Snow Village Sketches, aka Soconyland Sketches, was a comedy-drama radio series broadcast on three different networks from 1928 to 1946.

Beginning February 29, 1928, on NBC, Socony Oil sponsored Soconyland Sketches, scripted by William Ford Manley (1896-1954). The series featured Arthur Allen and Parker Fennelly as rural New England farmers. Socony continued to sponsor the show when it moved to CBS on October 16, 1934, and was retitled Snow Village Sketches. It continued on CBS until May 21, 1935.

Loose Wiles Biscuit was the sponsor for a run on NBC from October 3, 1936, to June 26, 1937, broadcast on Saturday evenings. During the early years of World War II, Procter & Gamble sponsored the series as a weekday quarter-hour serial, airing from December 28, 1942, to November 12, 1943. The final series was heard on Sunday mornings on the Mutual Broadcasting System from January 13 to June 16, 1946.

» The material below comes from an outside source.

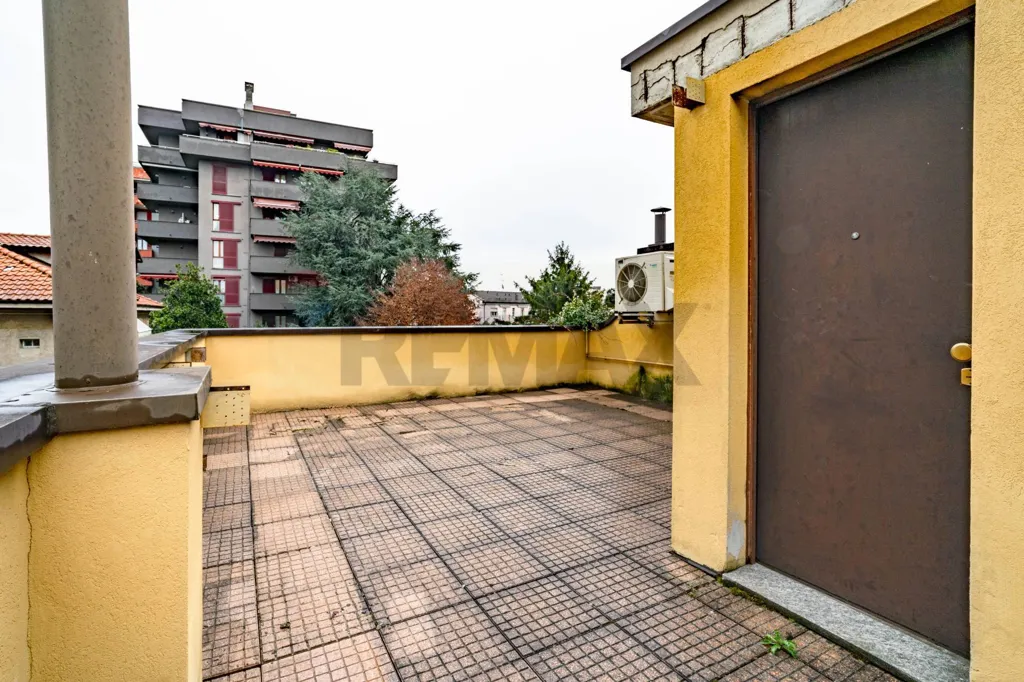 Terrasse - Villa with Terrace in Paderno Dugnano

The stories took place in the small New Hampshire community of Snow Village where truant officer Hiram Neville (Parker Fennelly), a man of old-fashioned values, often encountered game warden Dan'l Dickey (Arthur Allen) and Dan'l's wife, Hattie Dickey (Agnes Young, Kate McComb).[1]

Scripter Manley lived in Snowville, New Hampshire, named after the Snow family who had operated a sawmill there in 1825. In the mid-1930s, because of the radio program, Snowville temporarily changed its name to Snow Village.